==== Input data ====
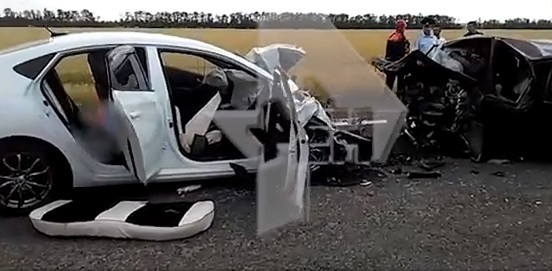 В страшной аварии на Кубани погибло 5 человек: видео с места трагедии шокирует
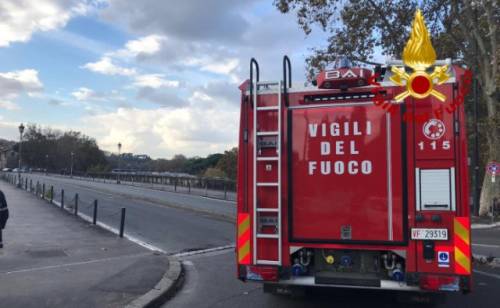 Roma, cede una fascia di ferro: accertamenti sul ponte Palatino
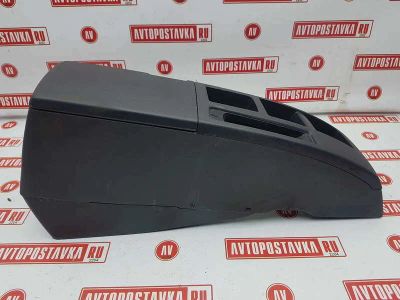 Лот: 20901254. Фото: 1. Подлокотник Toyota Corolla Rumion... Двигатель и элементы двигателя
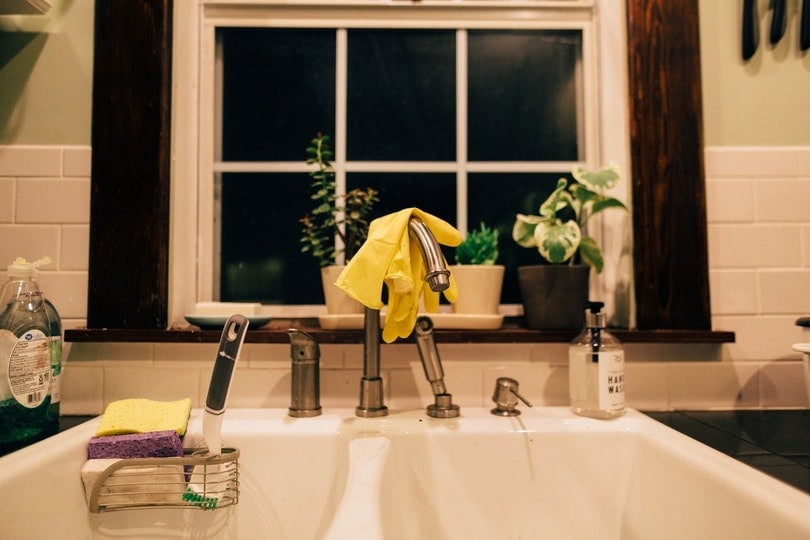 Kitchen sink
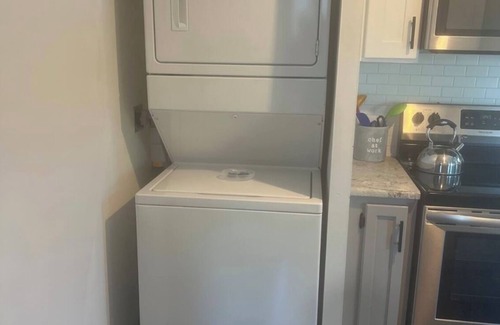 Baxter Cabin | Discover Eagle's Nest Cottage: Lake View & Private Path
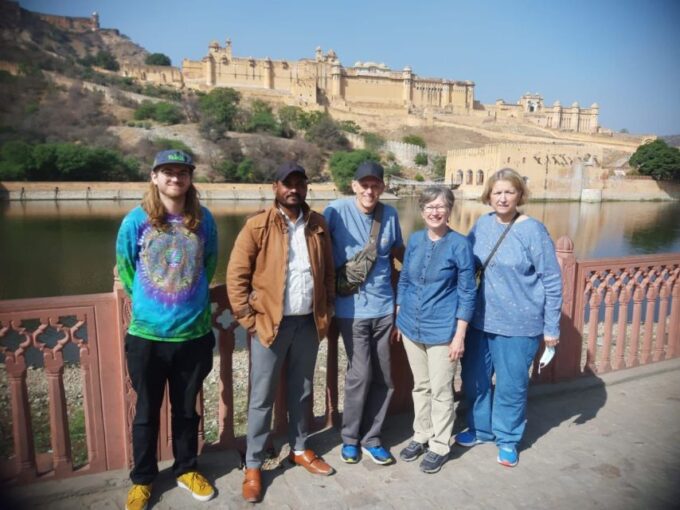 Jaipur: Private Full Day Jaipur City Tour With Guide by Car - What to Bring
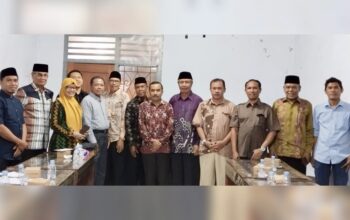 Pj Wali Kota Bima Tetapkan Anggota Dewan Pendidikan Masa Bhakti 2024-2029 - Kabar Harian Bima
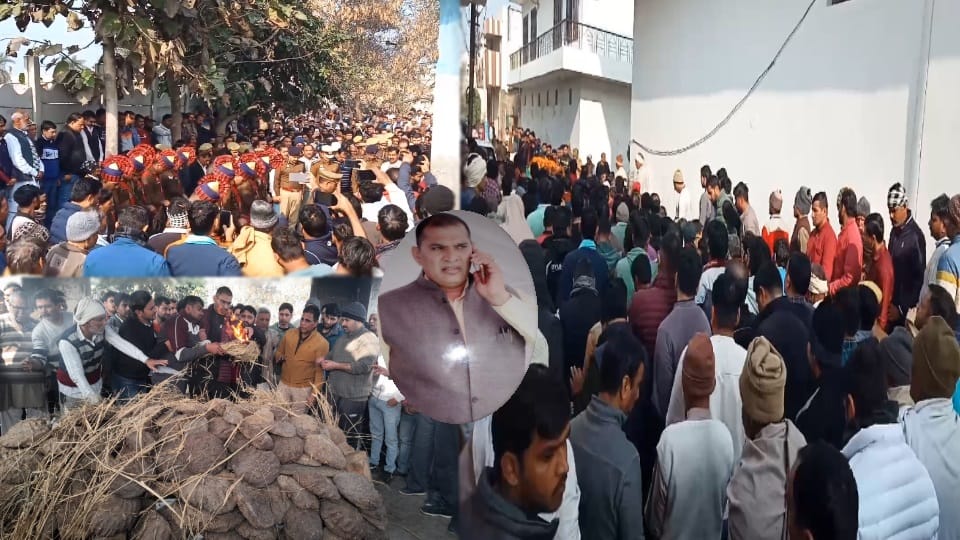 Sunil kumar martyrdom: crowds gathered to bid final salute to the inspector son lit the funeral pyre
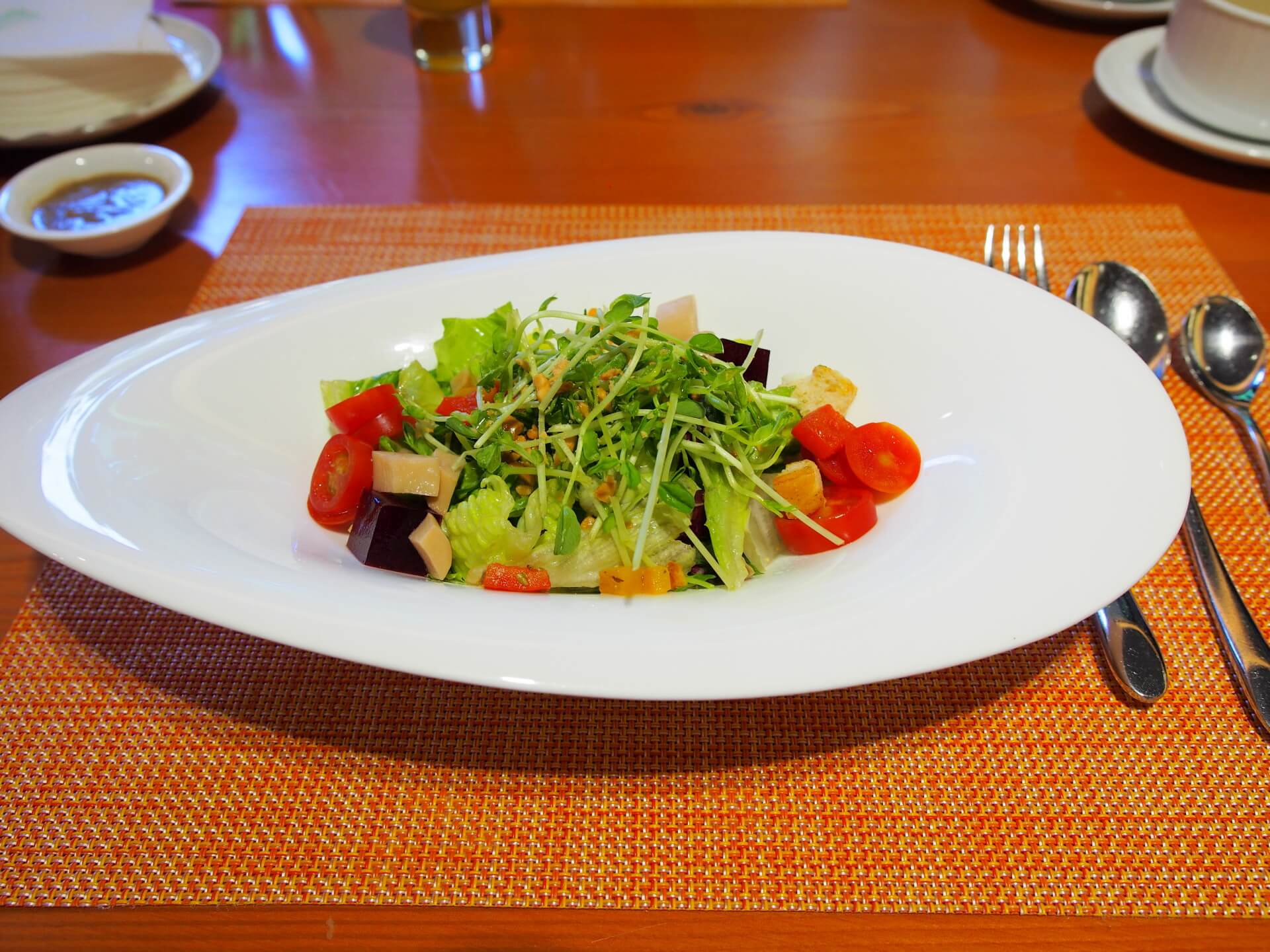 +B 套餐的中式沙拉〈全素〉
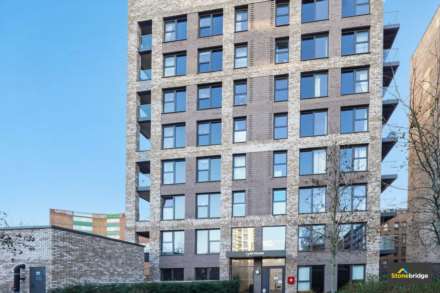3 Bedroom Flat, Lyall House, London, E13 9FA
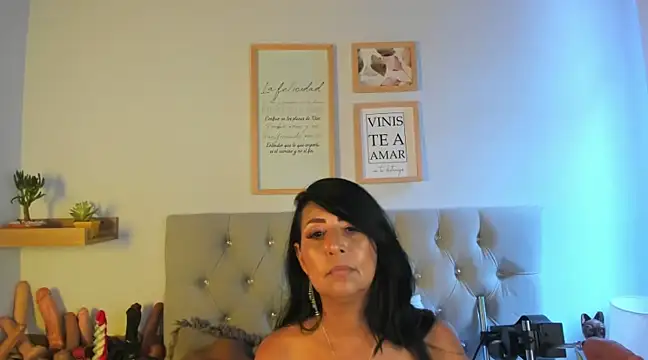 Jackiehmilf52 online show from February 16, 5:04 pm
====
Prompt :: Every entry should be repeated verbatim, with the pictures left out.

Your response ::
 В страшной аварии на Кубани погибло 5 человек: видео с места трагедии шокирует
 Roma, cede una fascia di ferro: accertamenti sul ponte Palatino
 Лот: 20901254. Фото: 1. Подлокотник Toyota Corolla Rumion... Двигатель и элементы двигателя
 Kitchen sink
 Baxter Cabin | Discover Eagle's Nest Cottage: Lake View & Private Path
 Jaipur: Private Full Day Jaipur City Tour With Guide by Car - What to Bring
 Pj Wali Kota Bima Tetapkan Anggota Dewan Pendidikan Masa Bhakti 2024-2029 - Kabar Harian Bima
 Sunil kumar martyrdom: crowds gathered to bid final salute to the inspector son lit the funeral pyre
 +B 套餐的中式沙拉〈全素〉
3 Bedroom Flat, Lyall House, London, E13 9FA
 Jackiehmilf52 online show from February 16, 5:04 pm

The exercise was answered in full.